You start with a given relation and its dependencies. For example:

1 2 3 |
R(A,B,C) A → B B → {A,C} |

The trick is to draw boxes in order to visualize the dependencies (ignore the right hand side CK/NP box for now):

Note that B->{A,C} was broken down to B->A and B->C thanks to the decomposition rule.

Let’s try a more tricky one:

1 2 3 4 5 |
R(A,B,C,D,E,F) A → B B → A {B,C} → D C → E |

Note that B and C in this relation is a *composite key* that together determine D. Thus we draw a box around both of them to illustrate this dependency. And don’t forget F, even though nothing is pointing to it!

### Candidate Keys & Non-Primes

It’s time to determine the *candidate keys* (CK:s). Recall that a CK is one or more attributes that with which you can determine all other attributes in the relation. (In the end, one of the CK:s will be chosen to be the primary key.)

To find the candidate keys:

- Begin by selecting a start box (this can be a composite key too).

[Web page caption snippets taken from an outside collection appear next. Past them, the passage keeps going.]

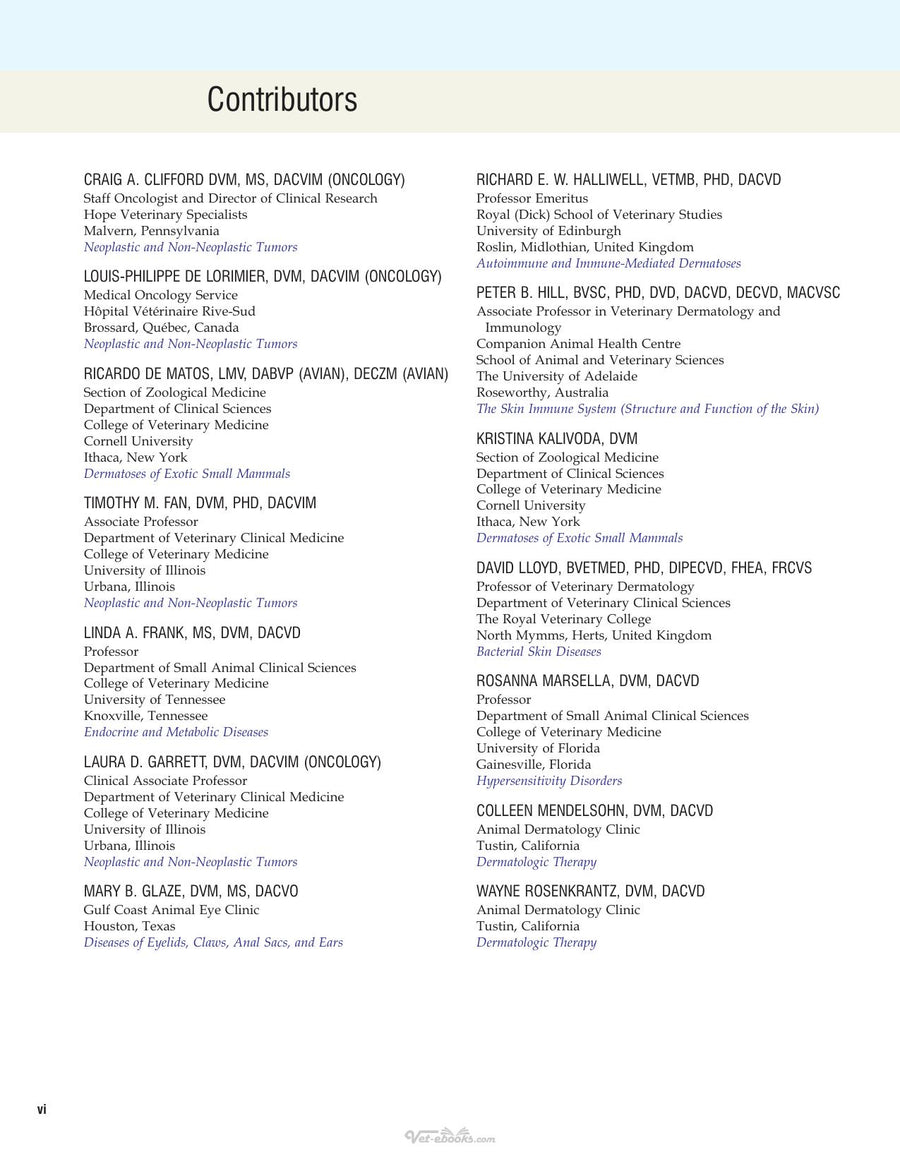 Preview page of Muller and Kirk's Small Animal Dermatology 7th Edition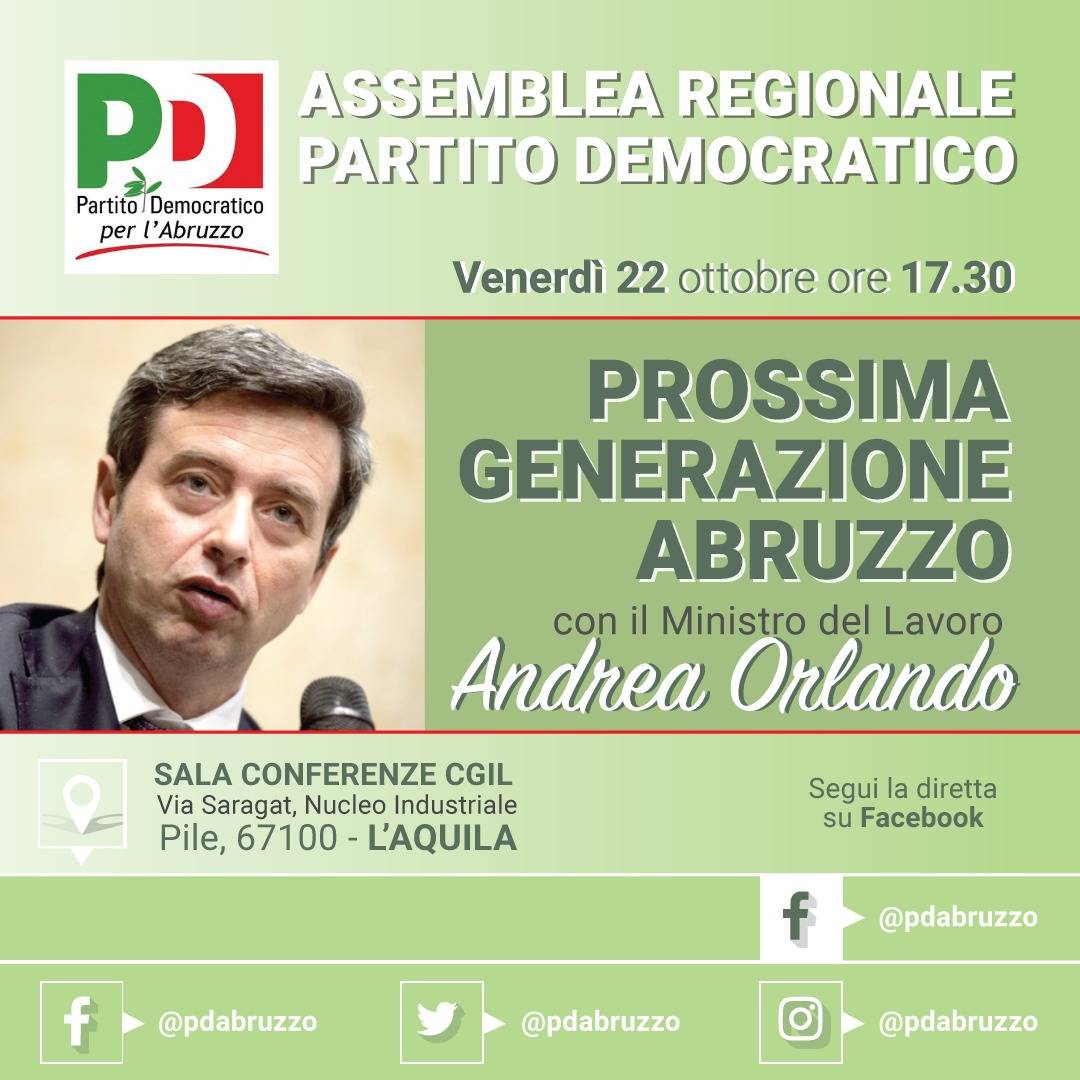 PD ABRUZZO, IL 22 OTTOBRE ASSEMBLEA CON MINISTRO ORLANDO; FINA, “PASSAGGIO IMPORTANTE”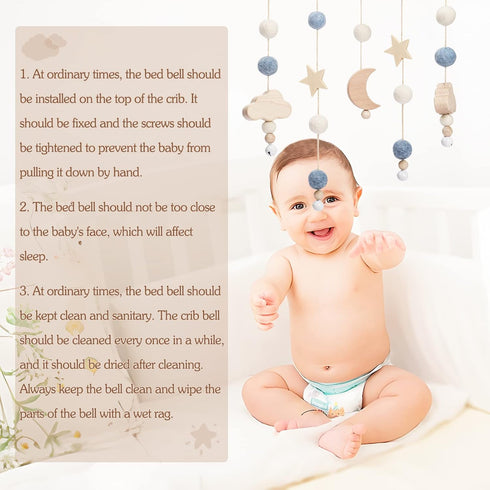 Boho Baby Crib Mobile Decor - Wooden Moon and Stars Nursery Mobiles with Cloud for Bassinet Starry Night Handmade Soft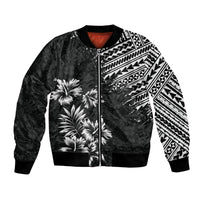 Hawaii Summer Bomber Jacket Mix Polynesian Black LT6 Unisex Black - Polynesian Pride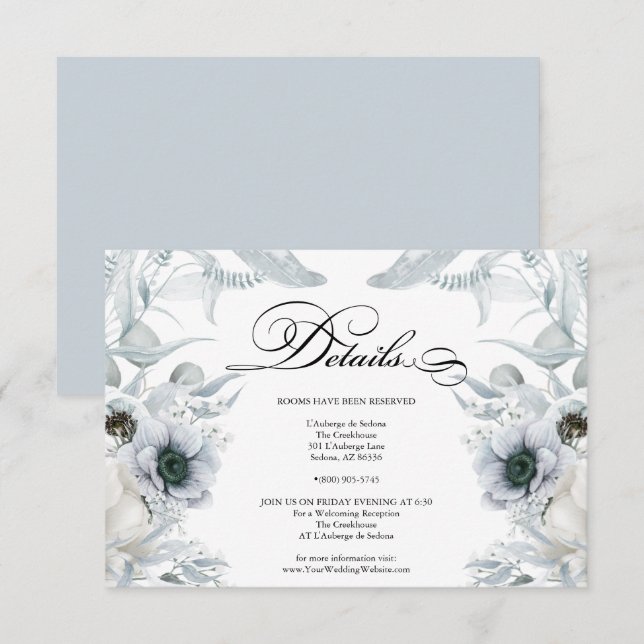 DETALJER | Pastel Dusty Blåa blommor Inbjudningar (Fram/baksida)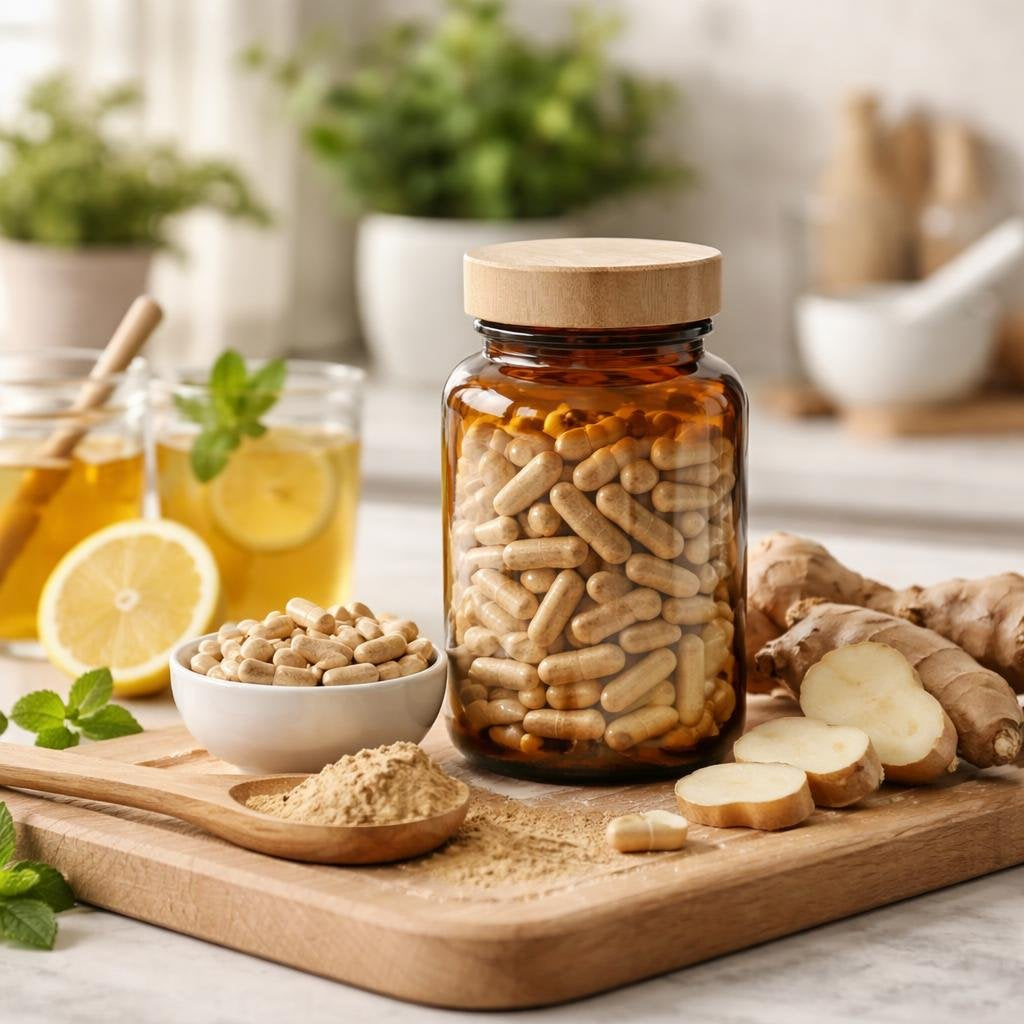 Selection of ginger herbal supplements in capsules and powders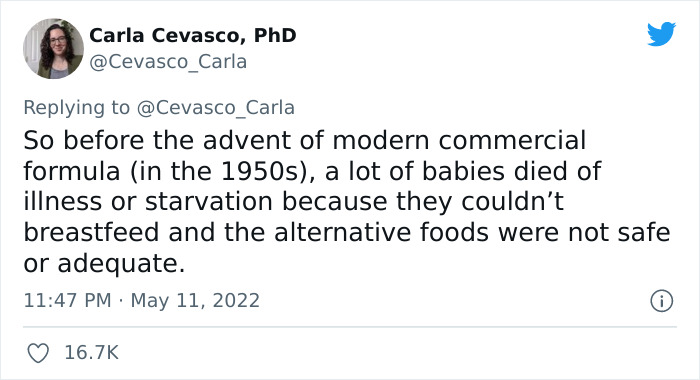History Professor Shuts Down People Arguing That Mothers Should Just Breastfeed Like In The Pre-Formula Days, Paints A Gruesome Picture Of What It Was Really Like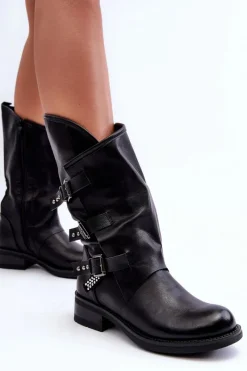 New Skórzane Kozaki Damskie Na Płaskim Obcasie Czarne Nyreo Damskie Kozaki Płaskie|Kozaki Przed Kolano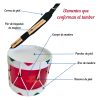 Tambor 10 (25cm) Banda Guerra Infantil Madera Piel Auténtica_2
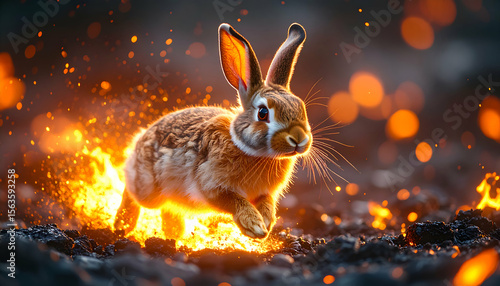 A magnificent rabbit gracefully leaps through a stunning inferno of vibrant light and flying embers.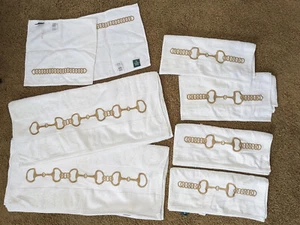 Rare Vtg Ralph Lauren Snaffle Bit White Luxury Thick Soft Towel Set Of 8 NEW - Picture 1 of 5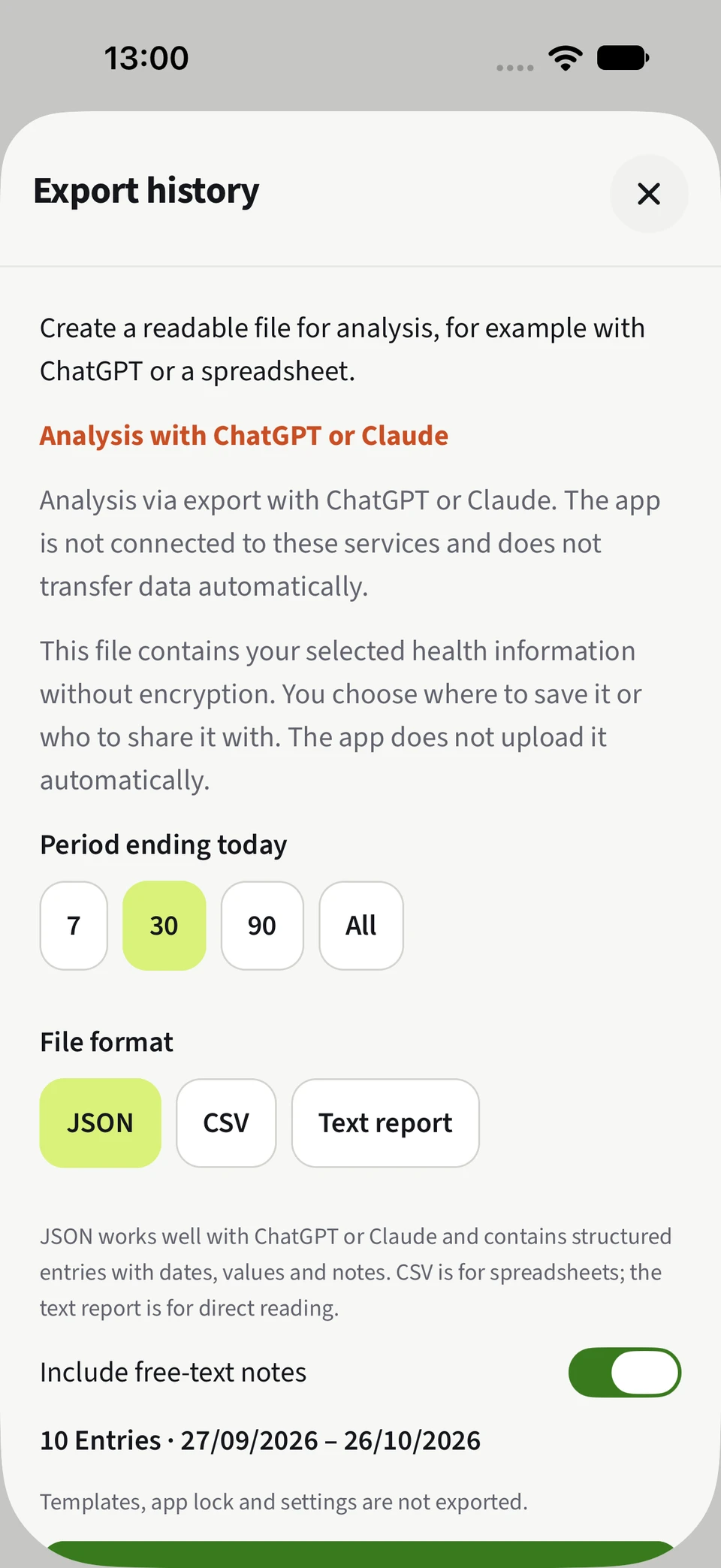 Take your data further. – JSON, CSV, Daily notes.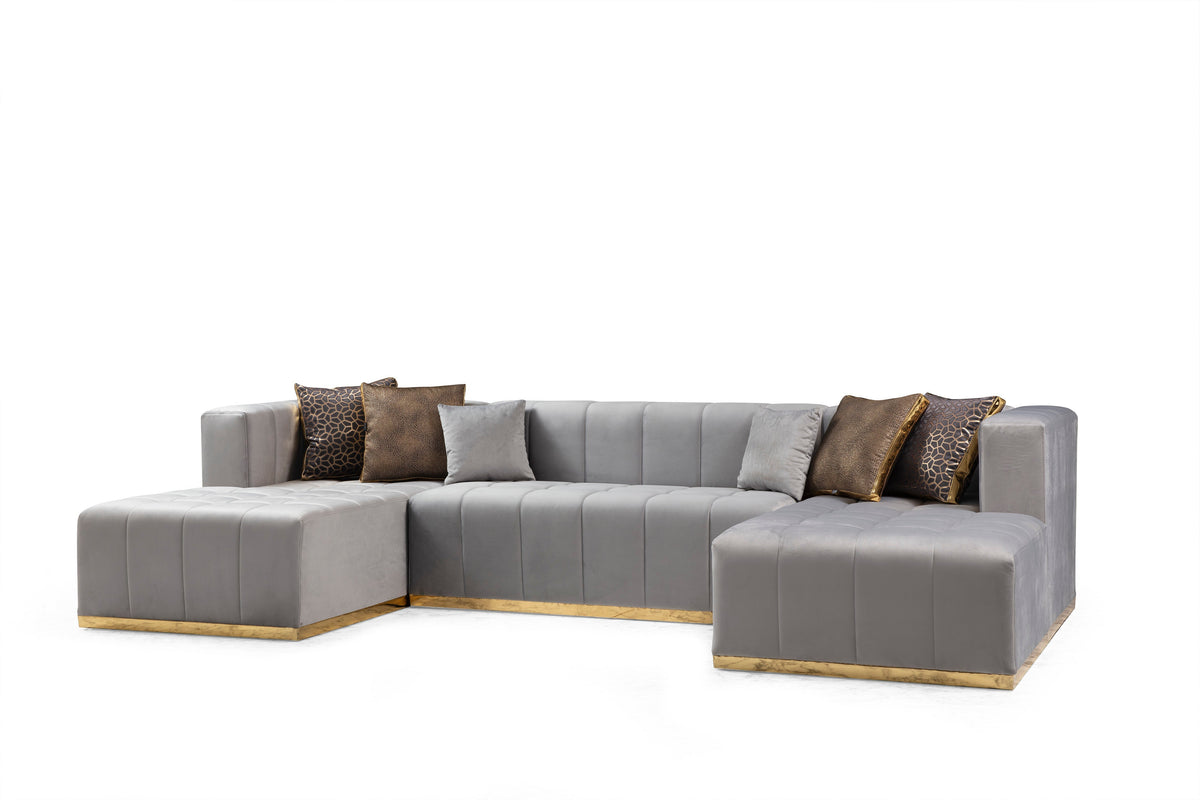 Elisha Grey Velvet Double Chaise 140" Sectional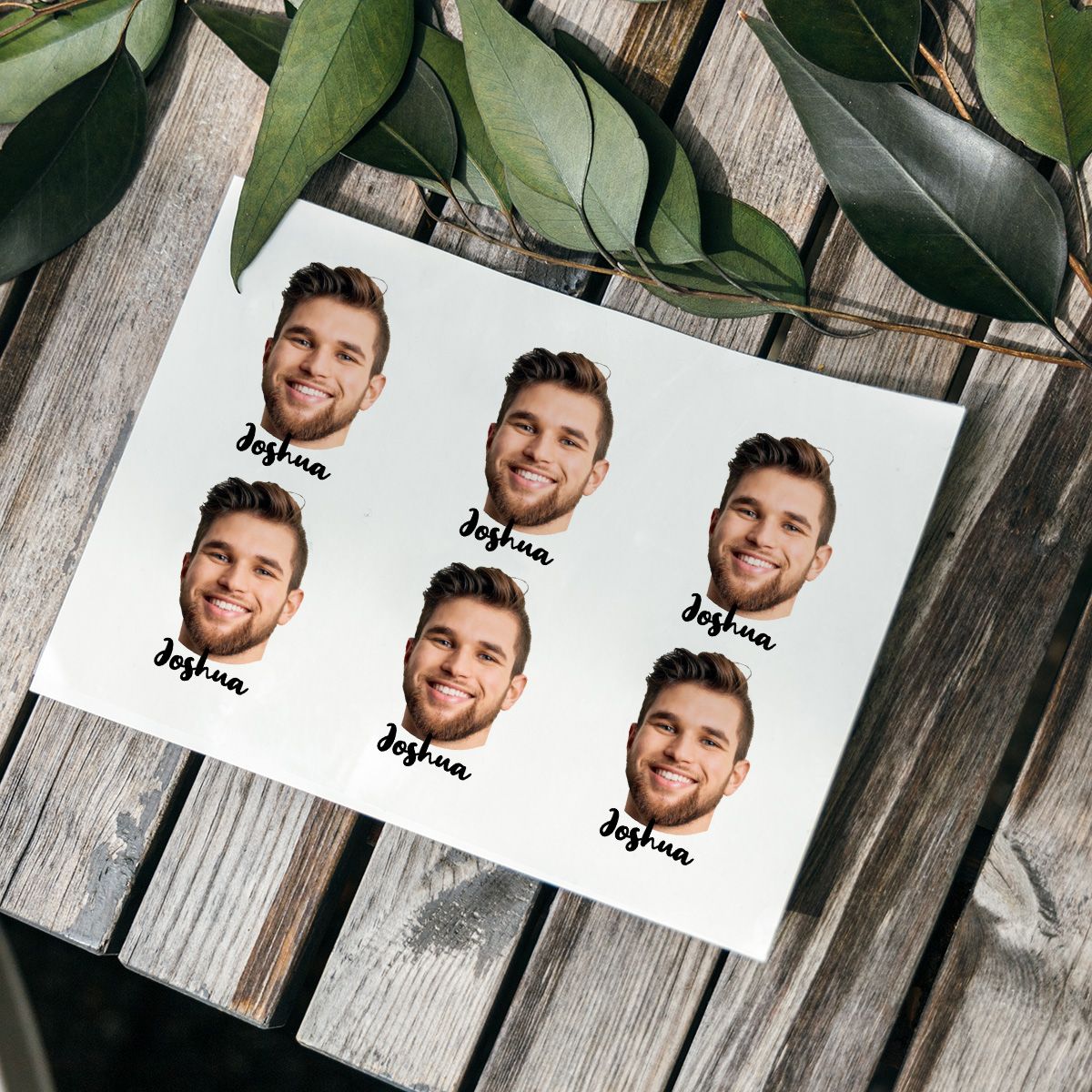 Set de 6 tatuajes con cara y texto personalizados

If there is a box at which no arrow is pointing, this is usually a good place start. Follow the outwards arrows to the next box, and from this box to the next and so forth. The goal is to find find a way that covers all boxes.

- If you can’t cover all boxes, try another starting box. If no single attribute (i.e. box) is able to cover all boxes by itself, the CK needs to include one or more additional attributes.

- There can be many candidate keys, so repeat this until you are sure you haven’t missed anything.

- If no arrow points at a box, the rule is that it must be part of
*all*CK:s. This includes stand-alone boxes like F in example 2.

- A candidate key is a minimal super key.
*Minimal*means that you can’t remove any attribute from the key and still determine all other attributes. Note that you can still have keys of different sizes. For example, {A} and {B,C} in Example 3 below can both be candidate keys. But {A,B,C} would not be minimal since you could remove either {A} or {B,C} from it and still determine the relation.

Now that all CK:s are determined, also write down the* non-primary attributes* (NP). The Non-Primes are simply all attributes that are not part of *any* CK.

### Finding the highest normal form

It’s time to determine the highest normal form of the relation. I will not use the exact formal definitions here, but you should learn them too in order to understand what’s happening here, especially if you need to motivate your answer on an exam!

**Is the relation in 1NF?**Yes, always!

**Is the relation in 2NF?**Is there a composite CK? If not, 2NF is automatically achieved. Otherwise, check your boxes. In*any*of your composite CKs: does a part of it (i.e. a box inside the composite box) by itself determine (point to) a non-prime attribute? If yes, NF2 does not pass (and the relation is thus in 1NF).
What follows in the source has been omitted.